Exercise => Restate word for word the entries below, starting at the line with "Máquina Enhebradora de" and ending at the line with "PS Caps van". Keep both end lines and omit the pictures.

Data for analysis =>
════════
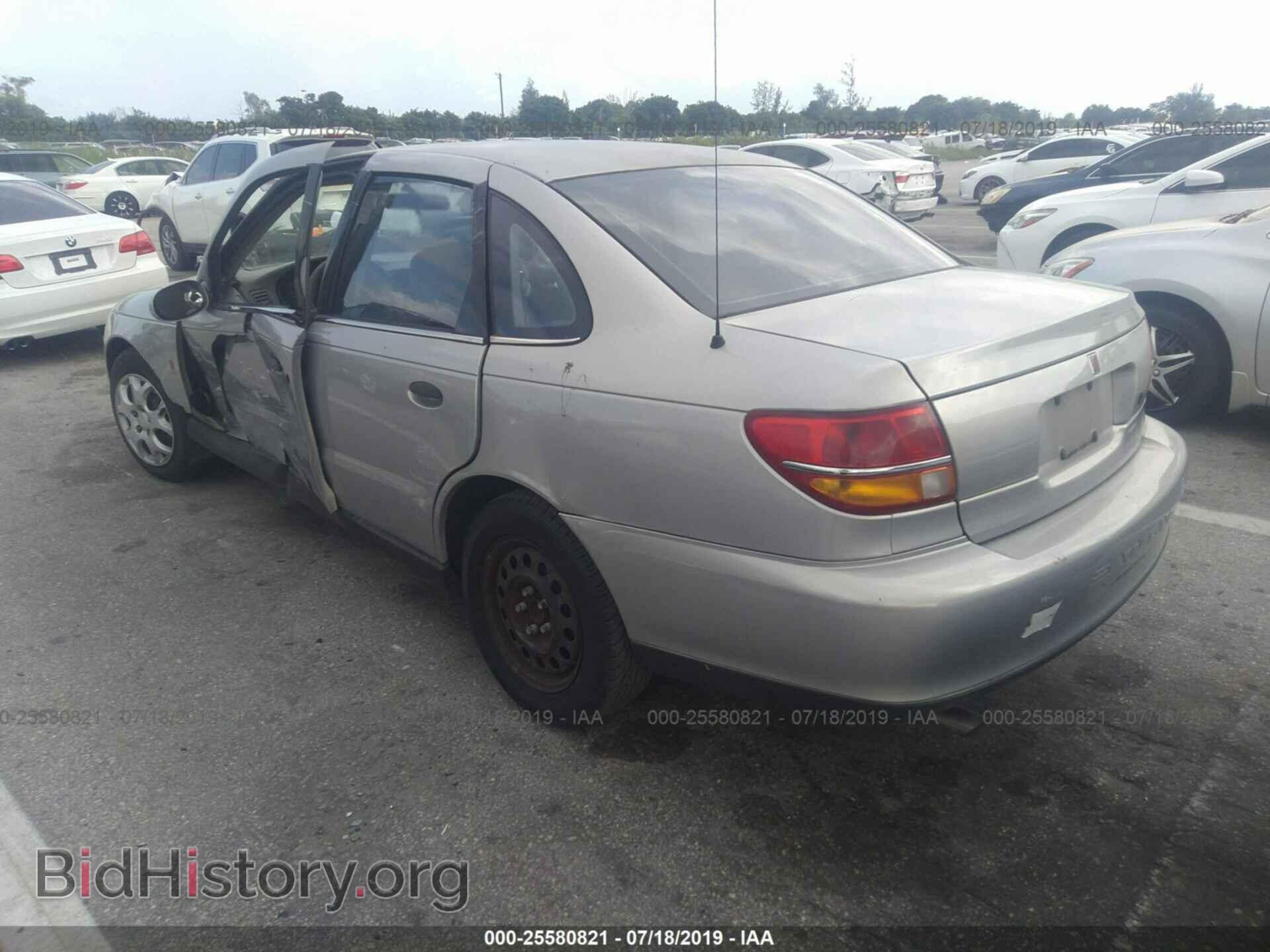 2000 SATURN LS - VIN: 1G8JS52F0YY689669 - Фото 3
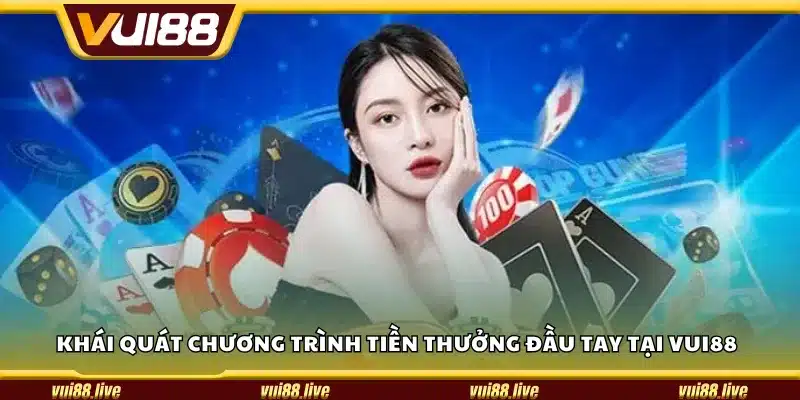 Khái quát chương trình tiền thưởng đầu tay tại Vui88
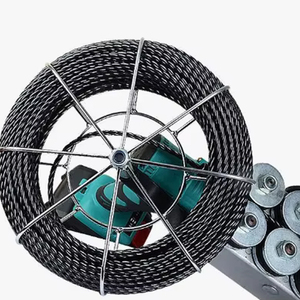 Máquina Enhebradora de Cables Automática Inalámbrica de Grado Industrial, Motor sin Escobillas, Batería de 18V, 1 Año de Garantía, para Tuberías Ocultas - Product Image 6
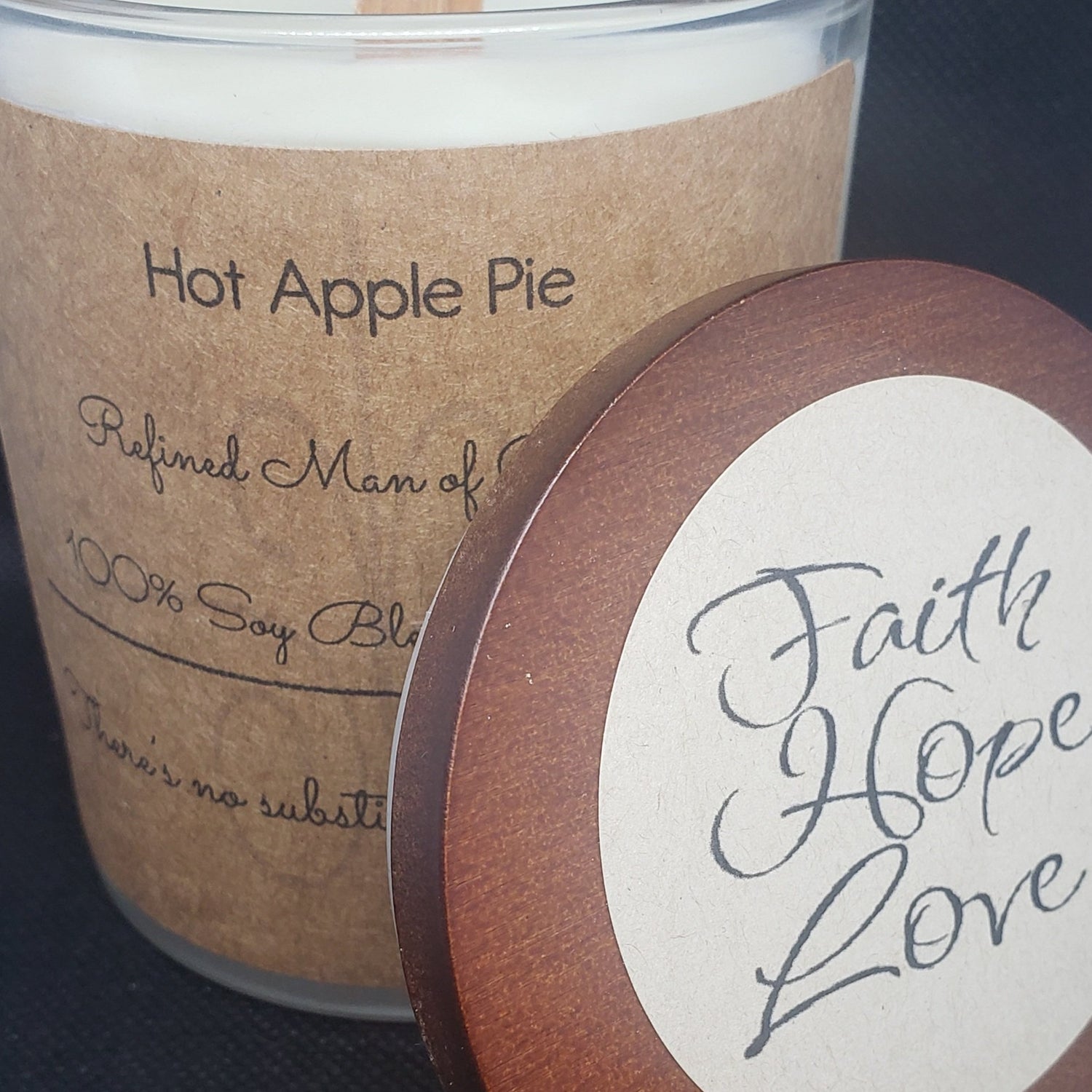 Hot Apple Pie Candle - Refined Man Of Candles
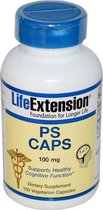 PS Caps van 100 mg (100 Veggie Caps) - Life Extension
════════
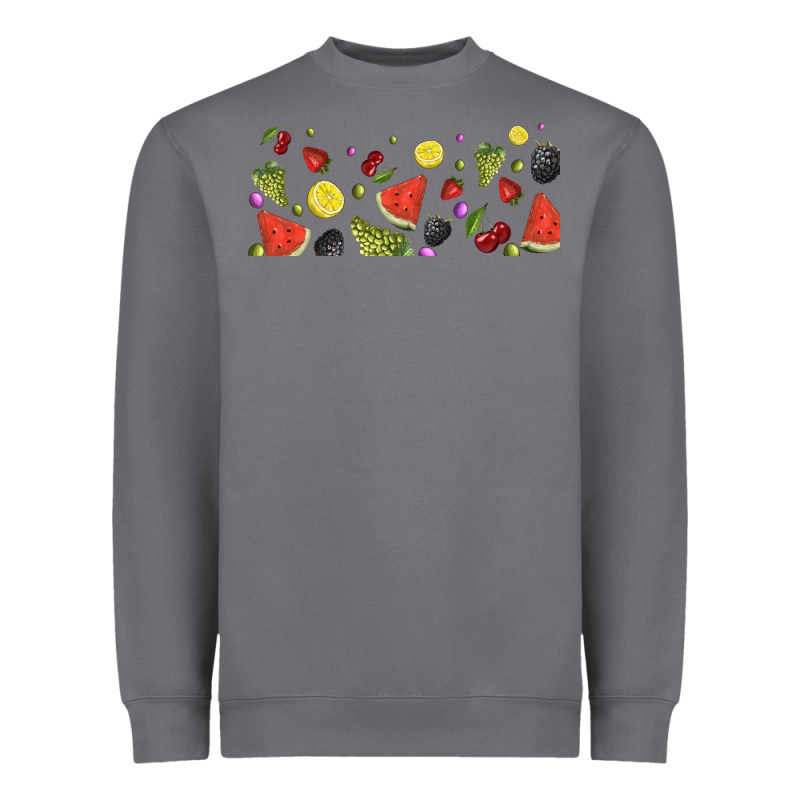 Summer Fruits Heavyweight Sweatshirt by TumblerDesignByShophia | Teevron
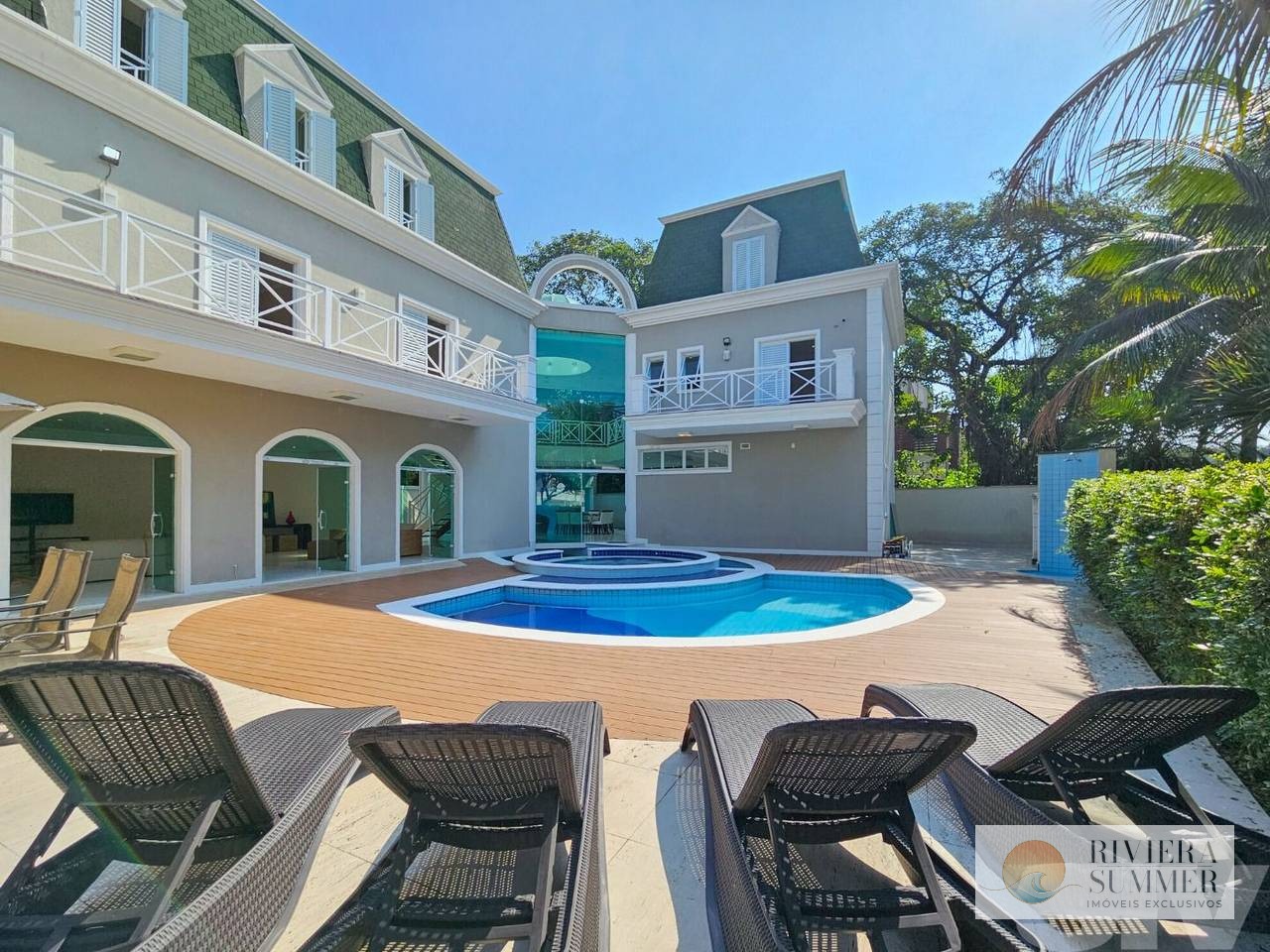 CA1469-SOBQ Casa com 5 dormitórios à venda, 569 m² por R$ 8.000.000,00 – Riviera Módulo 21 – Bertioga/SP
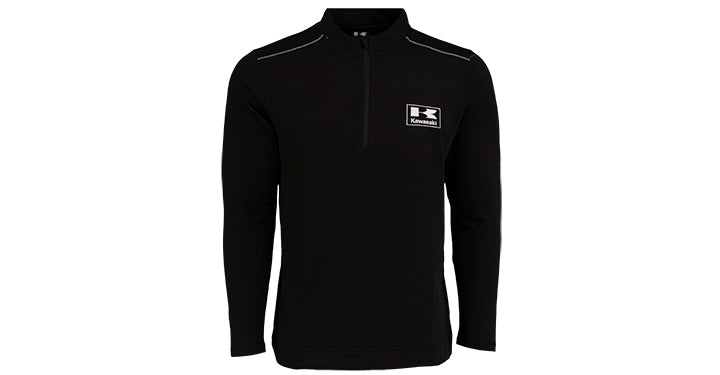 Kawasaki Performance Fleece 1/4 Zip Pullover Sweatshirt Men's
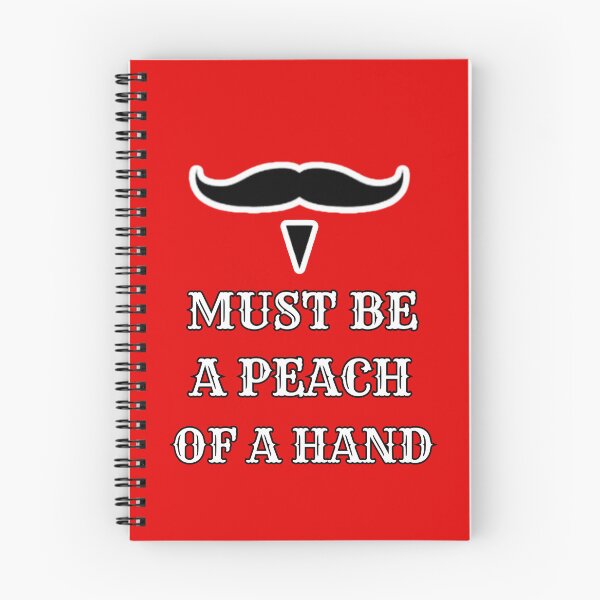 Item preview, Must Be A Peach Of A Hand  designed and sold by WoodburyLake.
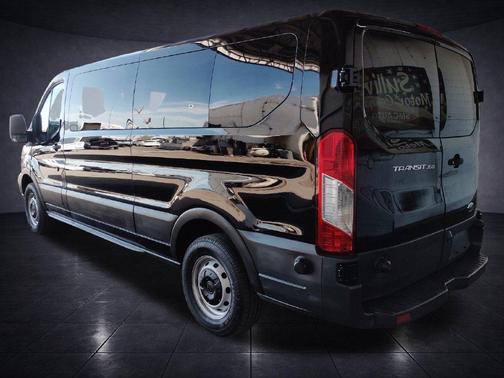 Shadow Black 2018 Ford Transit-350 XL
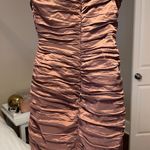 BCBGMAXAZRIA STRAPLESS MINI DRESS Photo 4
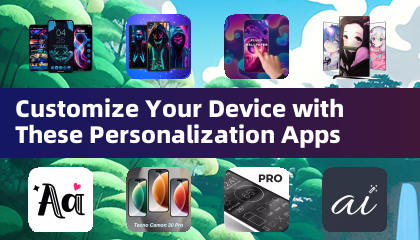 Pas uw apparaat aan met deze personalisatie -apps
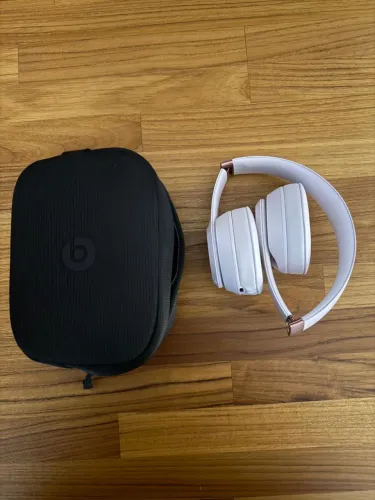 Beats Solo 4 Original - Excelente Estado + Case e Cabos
════════
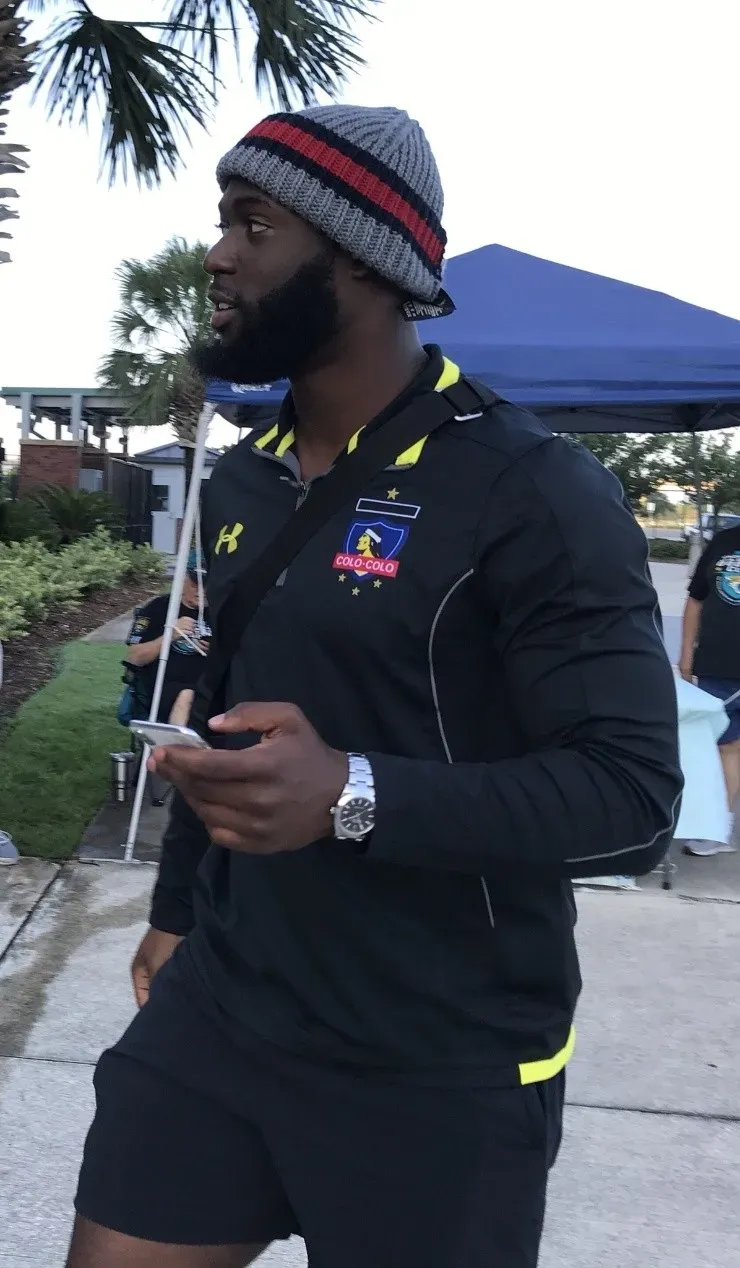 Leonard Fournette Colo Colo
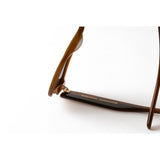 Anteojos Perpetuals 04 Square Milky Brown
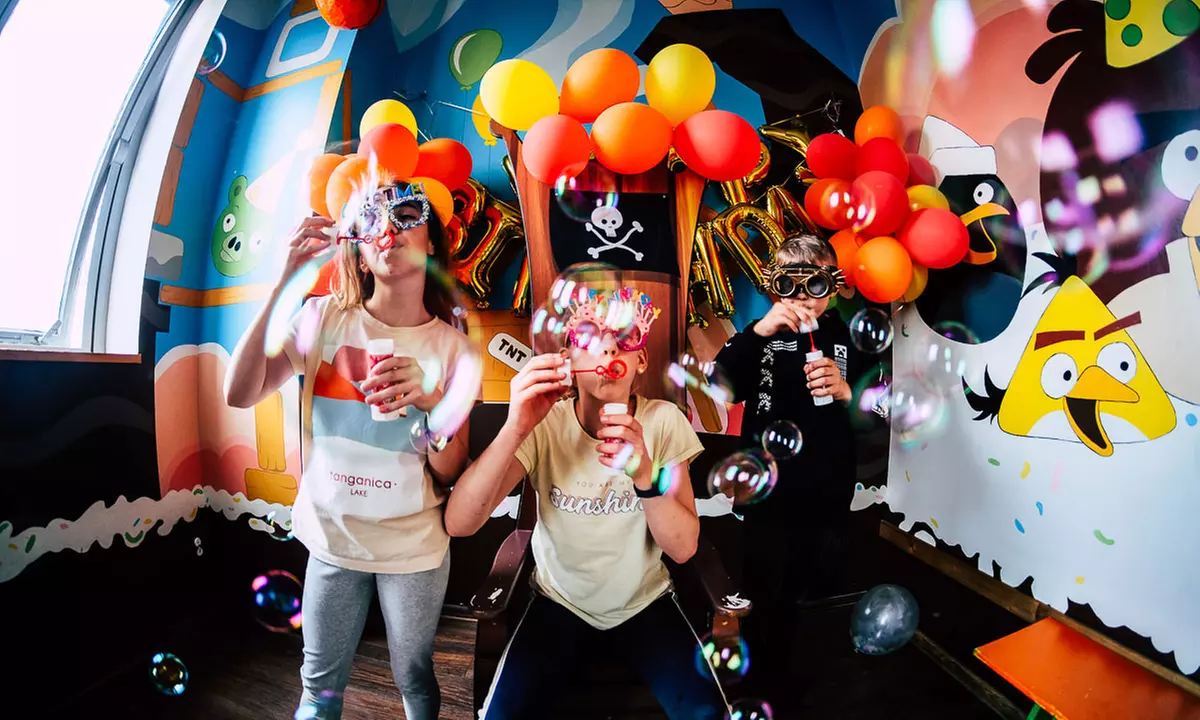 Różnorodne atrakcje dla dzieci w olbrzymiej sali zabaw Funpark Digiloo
════════
Your solution =>
 Máquina Enhebradora de Cables Automática Inalámbrica de Grado Industrial, Motor sin Escobillas, Batería de 18V, 1 Año de Garantía, para Tuberías Ocultas - Product Image 6
 Hot Apple Pie Candle - Refined Man Of Candles
 PS Caps van 100 mg (100 Veggie Caps) - Life Extension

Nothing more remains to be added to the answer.